== GIVEN RECORDS ==
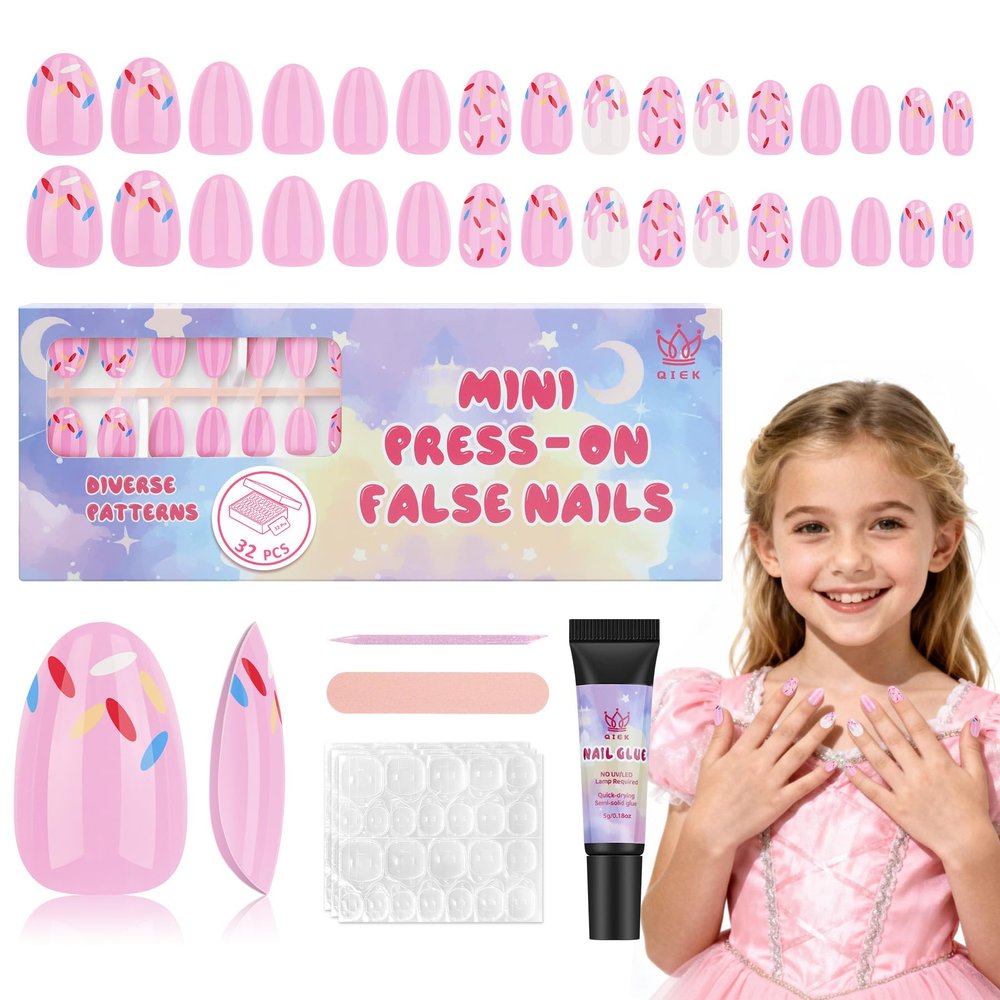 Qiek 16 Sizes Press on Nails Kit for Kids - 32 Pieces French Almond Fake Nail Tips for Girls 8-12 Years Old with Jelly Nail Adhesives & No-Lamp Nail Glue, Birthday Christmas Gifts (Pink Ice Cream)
===
== GIVEN RECORDS ==
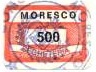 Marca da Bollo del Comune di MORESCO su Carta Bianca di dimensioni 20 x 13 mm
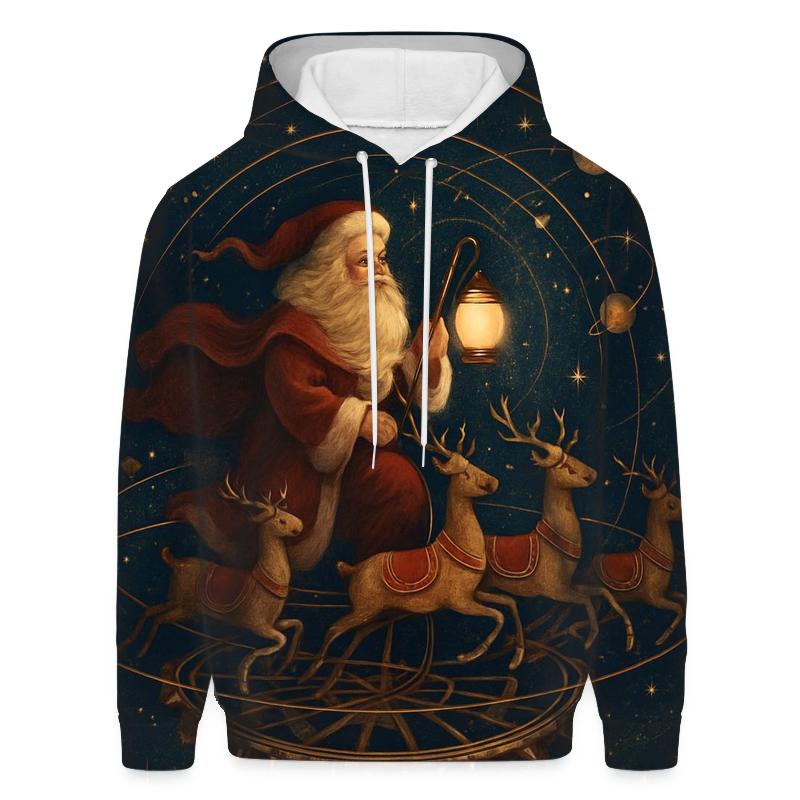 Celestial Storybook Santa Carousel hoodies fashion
===
> _TASK DETAILS_: Whatever pictures the records hold, omit them; give again exactly the lines from the one containing "Marca da Bollo" through the one containing "Celestial Storybook Santa".

> _ANSWER TO THIS EXERCISE_:
 Marca da Bollo del Comune di MORESCO su Carta Bianca di dimensioni 20 x 13 mm
 Celestial Storybook Santa Carousel hoodies fashion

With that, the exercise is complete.